Current work in wildlife, rivers, public lands, and climate
Federal grazing program causes extensive damage to public lands, shouldn’t count toward 30×30 goals
Currently, non-native livestock grazing is authorized on approximately 250 million acres of public lands administered by the U.S Forest Service and Bureau of Land Management. Private livestock corporations pay just $1.35 per month to graze a cow-calf pair, or five sheep, on these federal public lands. The grazing comes at a tremendous cost to wildlife habitat, threatened and endangered species, and clean water. According to Public Employees for Environmental Responsibility, the federal grazing program causes extensive damage from excessive commercial livestock grazing on public lands and many areas open for livestock grazing fail to meet the federal government’s standards for rangeland health.
In response, WildEarth Guardians’ Executive Director John Horning issued the following statement:
“The purpose of the 30×30 ‘America the Beautiful’ Initiative is to increase durable protections that enhance the protection of biodiversity and ensure the resilience of ecosystems. But the proposal by the Interior and Agriculture departments to count status quo livestock grazing toward meeting this goal would make America no more beautiful. In fact, it would undermine the credibility of this critical initiative to protect at least 30% of America’s lands and waters by 2030 to address the biodiversity crisis. Livestock grazing is a threat to biodiversity and a contributor to the climate crisis—it’s an absolute farce for the Biden administration to be including grazed public lands as a contributor to critical 30×30 conservation goals.
When President Biden included the goal of protecting 30% of our nation’s land and waters by 2030 in executive orders to confront the climate crisis, he did so with the recognition that meeting the goal was needed to address the climate and biodiversity crises. Unfortunately, lowering the bar and allowing public lands that are grazed by livestock, or are compromised by other extractive uses, to meet the 30×30 goal doesn’t meet the bold vision of this initiative—it hollows-out its true purpose.

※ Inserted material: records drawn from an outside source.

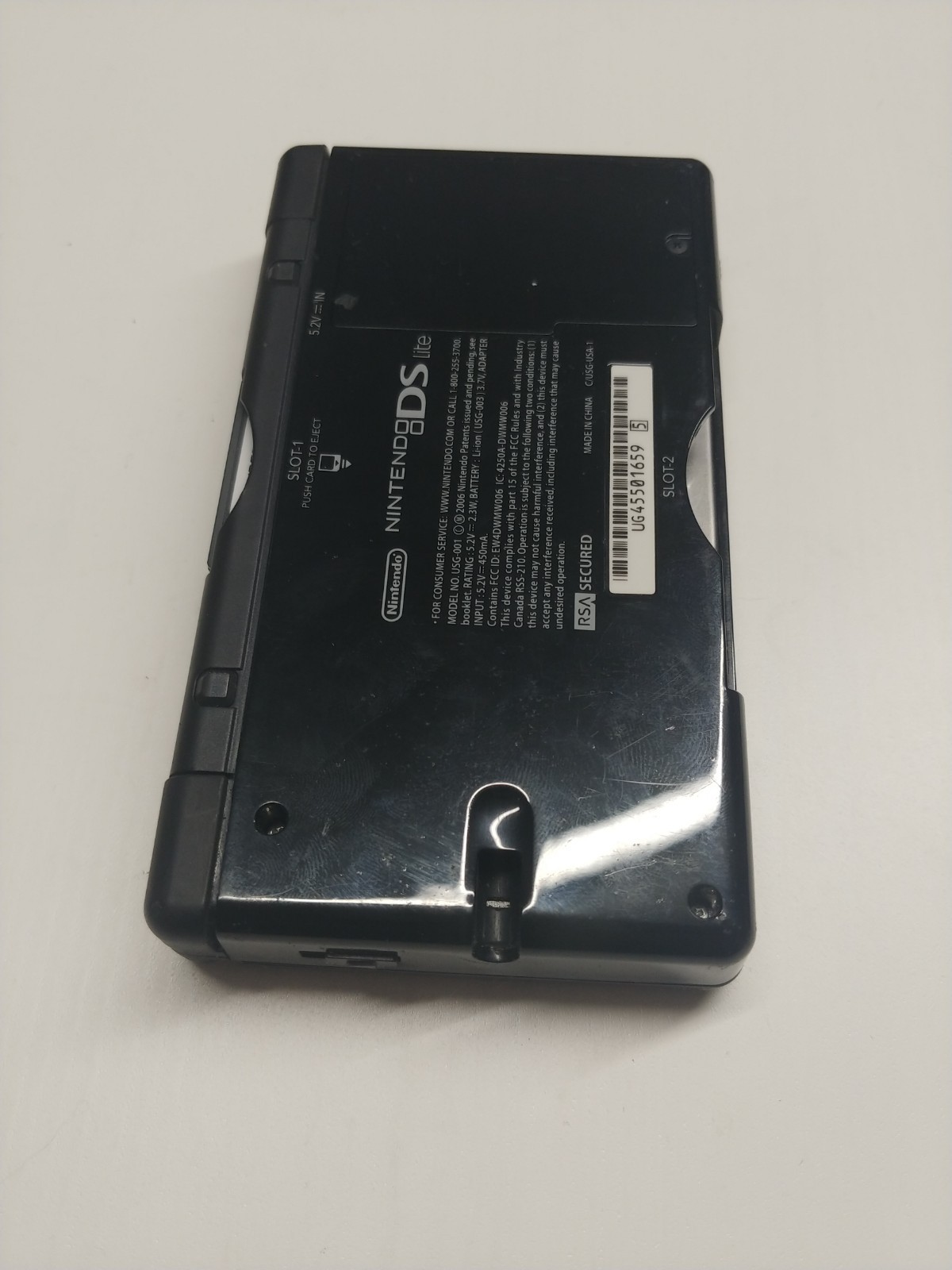 Nintendo DS Lite Onyx Black Handheld Gaming System Console Only Broken Hinge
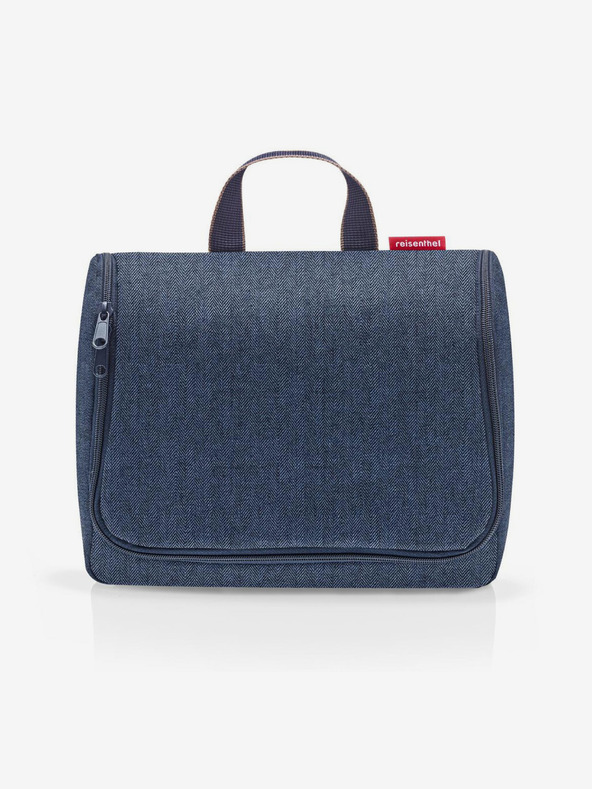 Reisenthel Tmavo modrá kozmetická taška Reisenthel Toiletbag XL Herringbone Dark Blue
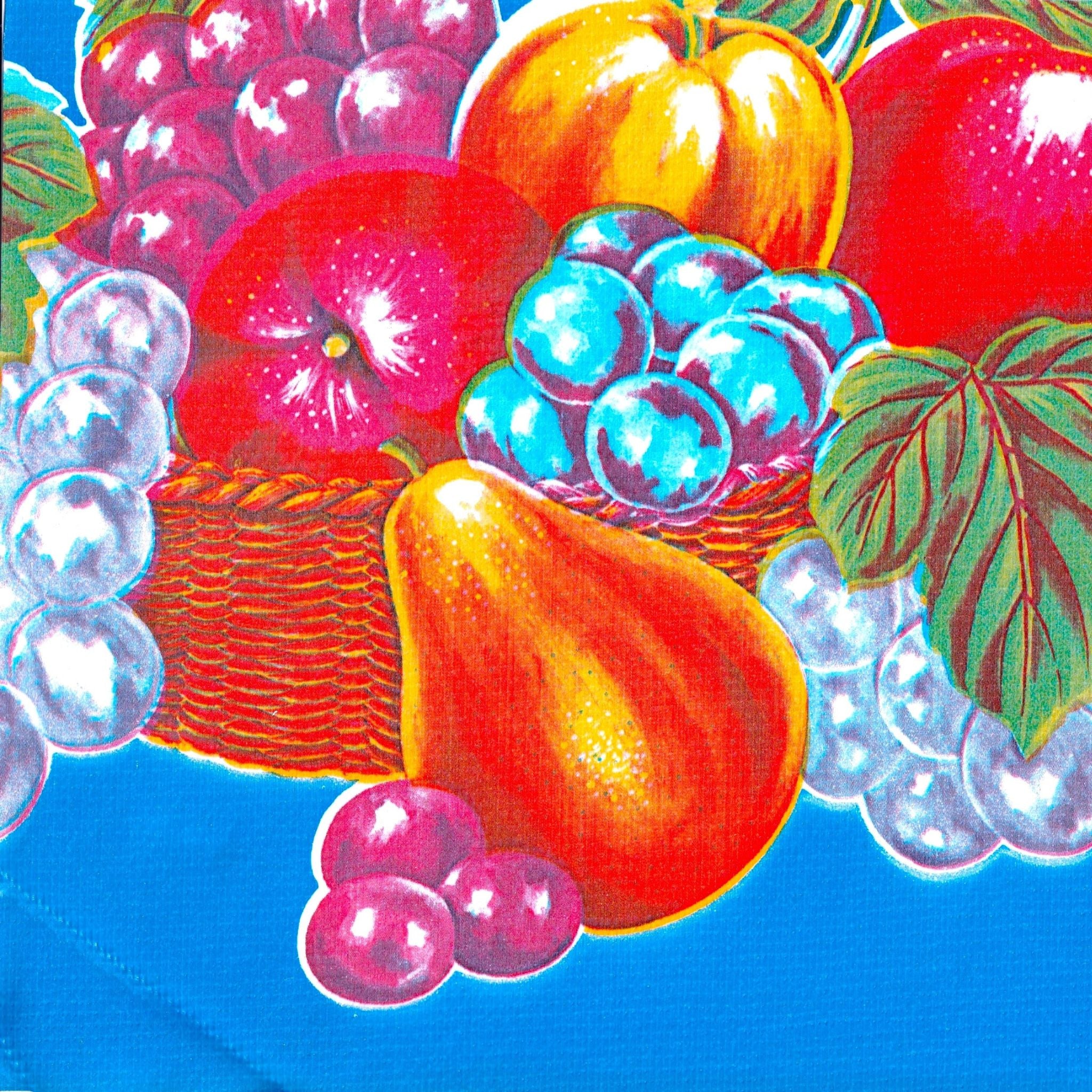 lemons and roses blue oilcloth swatch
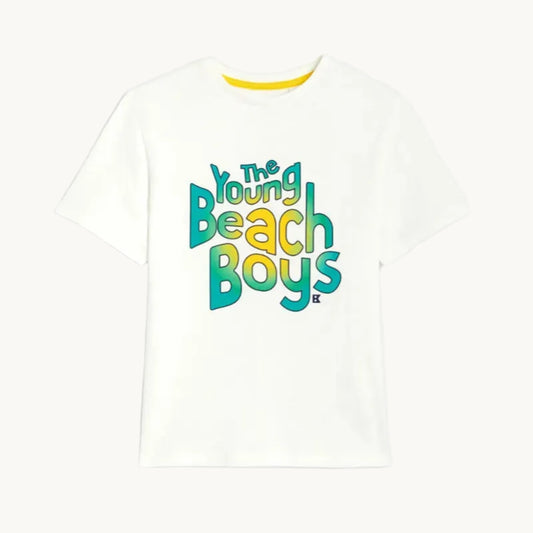 T-shirt blanc en coton avec imprimé graphique "The Young Beach Boys"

Meeting the bold vision of protecting 30% of our lands and waters by 2030 won’t be easy. It will require working together and forming new partnerships. However, it will also require the bold leadership of the Biden administration and the federal land management agencies to enact deeper protections of America’s public lands. We’re in a climate emergency and a biodiversity crisis and status quo actions aren’t sufficient to address this emergency.